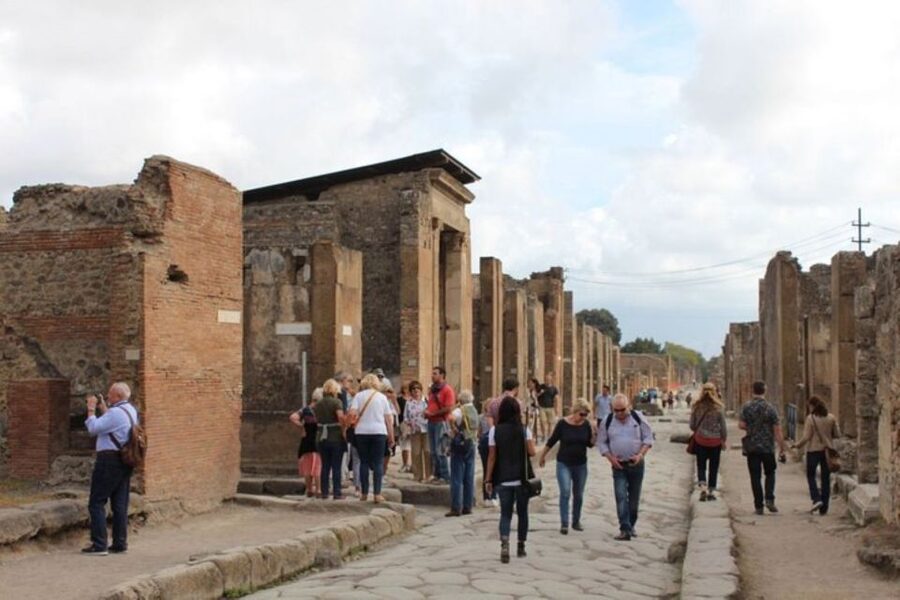 From Naples: Amalfi Coast, Sorrento, and Pompeii Tour - Pompeii with about two hours: what you can see and how to not burn out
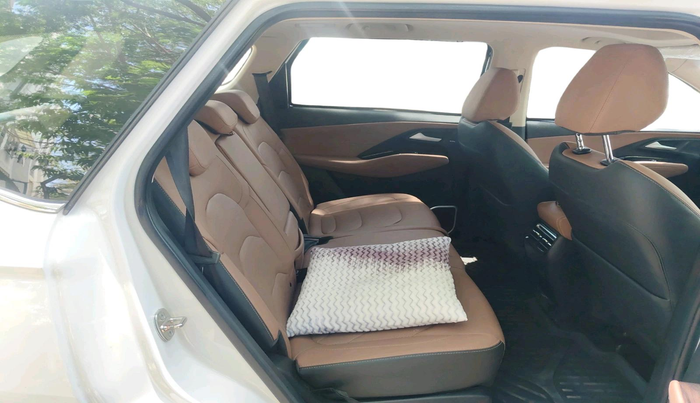 2025 MG HECTOR PLUS SAVVY PRO 1.5 TURBO CVT 7 STR, Petrol, Automatic, 5,024 km, interior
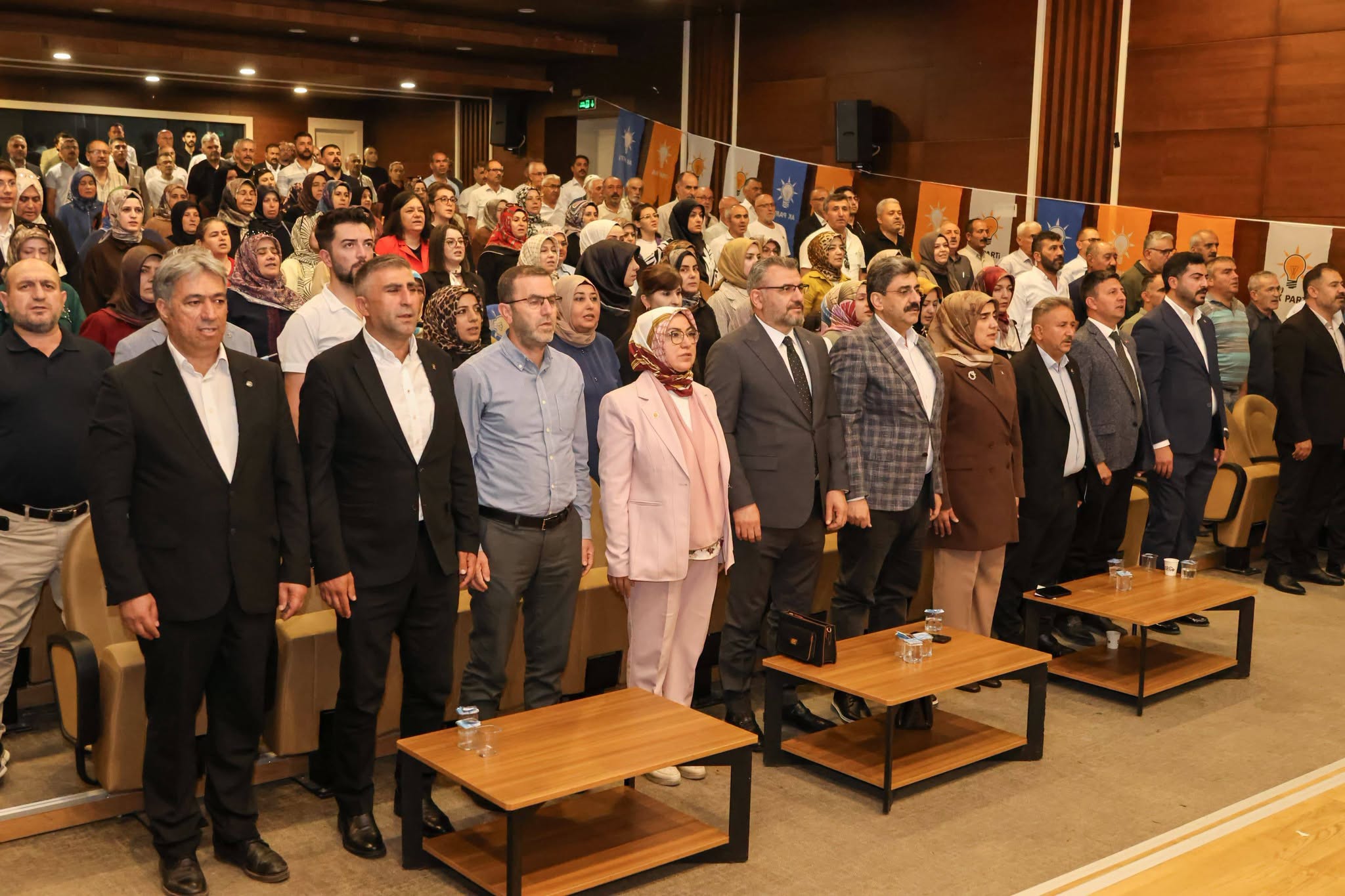 AK Parti Sivas teşkilatı yol haritasını belirledi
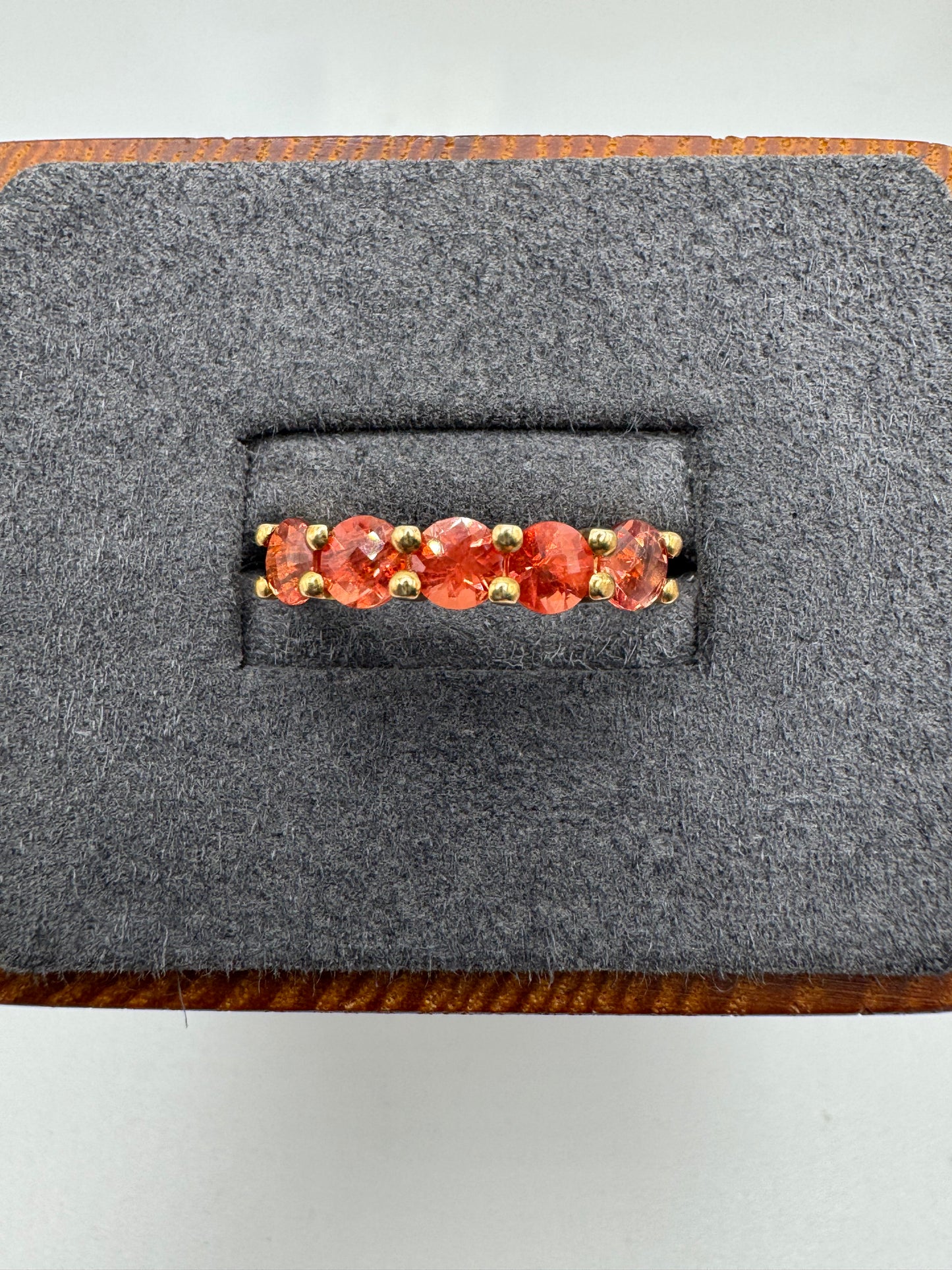 9ct gold quartz ring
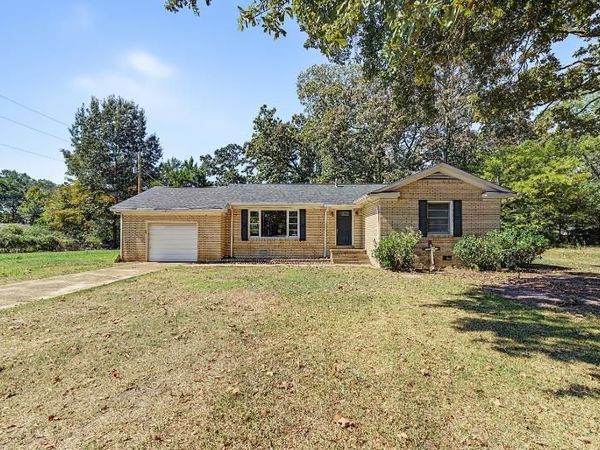 301 1st St., Houston, MS 38851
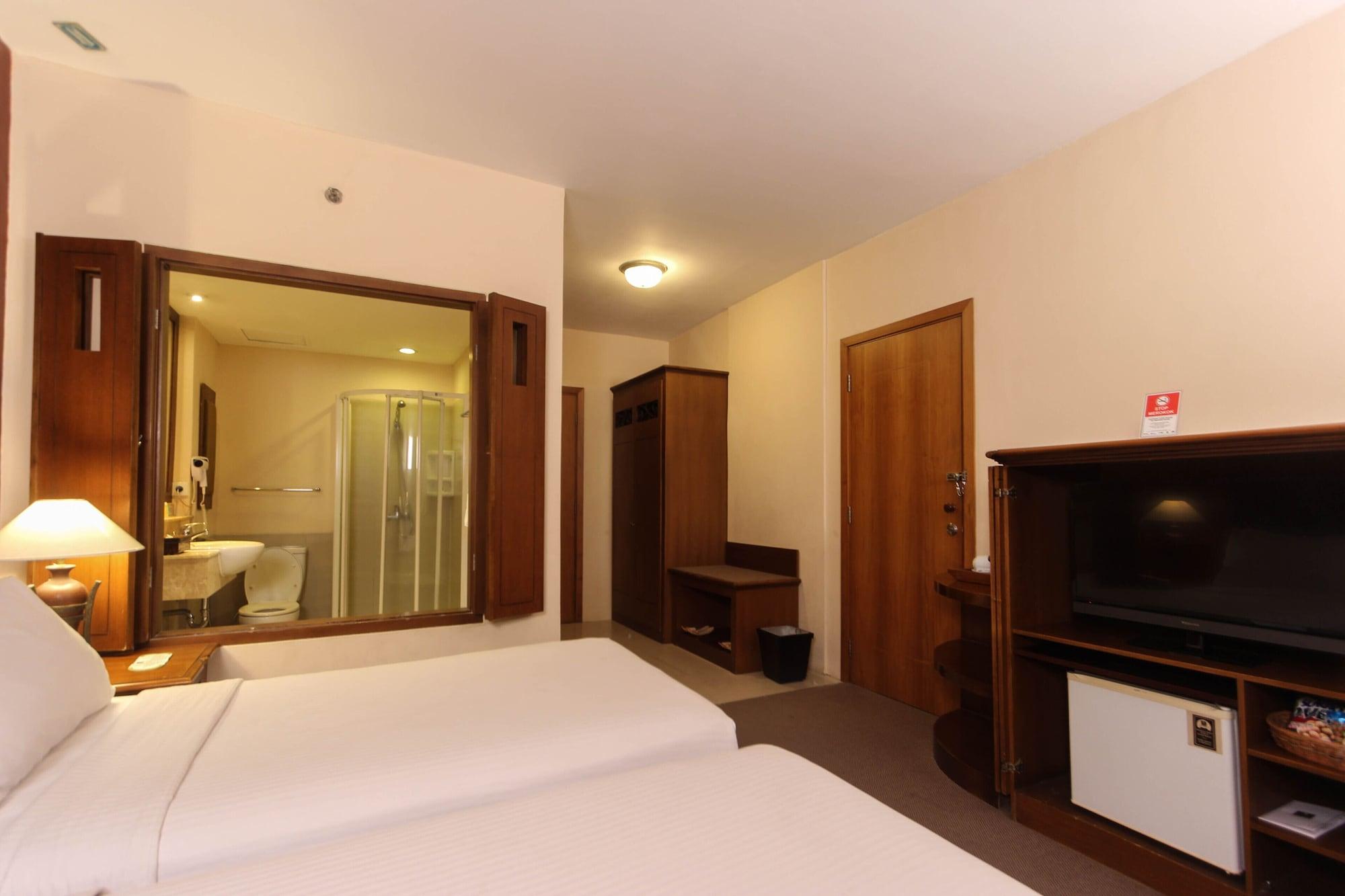 The Jayakarta Suites Bandung Exterior photo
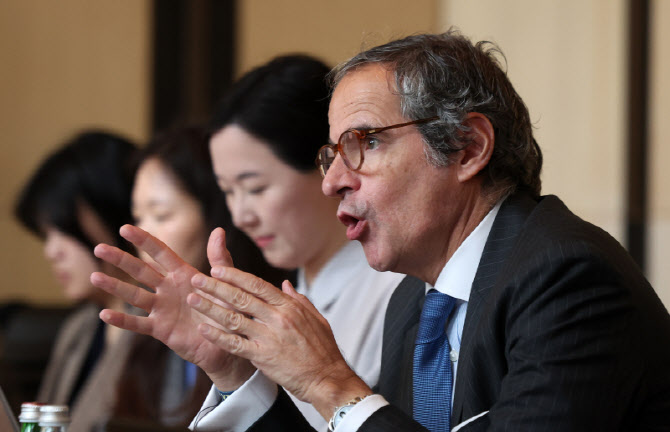 [포토]질의에 답하는 라파엘 그로시 국제원자력기구(IAEA) 사무총장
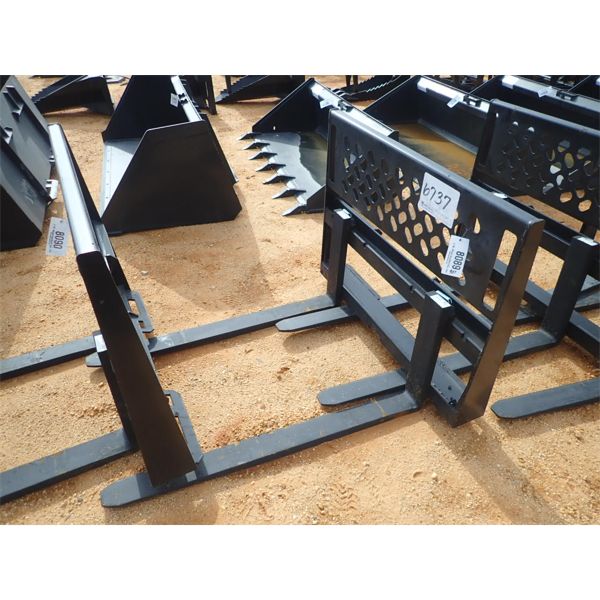 FORKLIFT ASSY (fits skid steer loader) (B5)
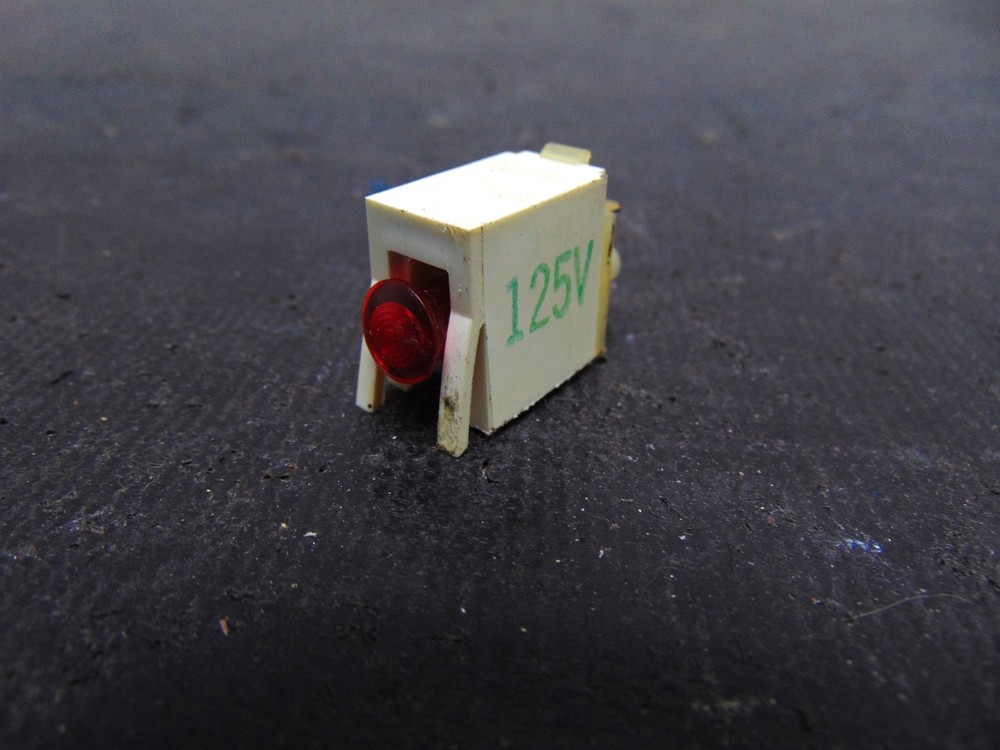 GE Range JBP66B0B1AD Indicator Light WB27T10113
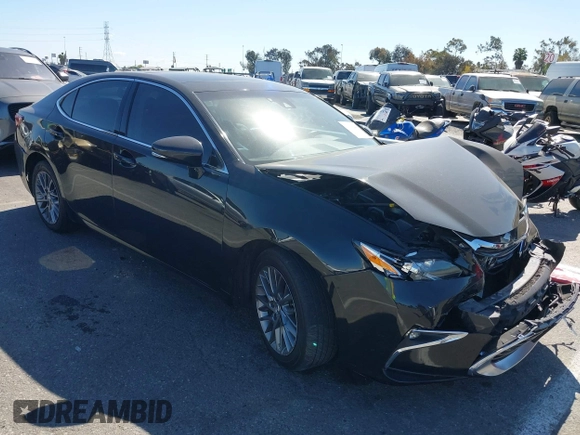2018 Lexus ES with VIN 58ABK1GG7JU091598, listed as a IAAI auction lot 41712081 with 155,015 mi miles. Bid and sale history available at carsss.com. Image 12.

▶ **What is expected**
Your job is to transcribe the entries above exactly; skip the pictures.

▶ **Problem solution**
 From Naples: Amalfi Coast, Sorrento, and Pompeii Tour - Pompeii with about two hours: what you can see and how to not burn out
 2025 MG HECTOR PLUS SAVVY PRO 1.5 TURBO CVT 7 STR, Petrol, Automatic, 5,024 km, interior
 AK Parti Sivas teşkilatı yol haritasını belirledi
 9ct gold quartz ring
 301 1st St., Houston, MS 38851
 The Jayakarta Suites Bandung Exterior photo
 [포토]질의에 답하는 라파엘 그로시 국제원자력기구(IAEA) 사무총장
 FORKLIFT ASSY (fits skid steer loader) (B5)
 GE Range JBP66B0B1AD Indicator Light WB27T10113
2018 Lexus ES with VIN 58ABK1GG7JU091598, listed as a IAAI auction lot 41712081 with 155,015 mi miles. Bid and sale history available at carsss.com. Image 12.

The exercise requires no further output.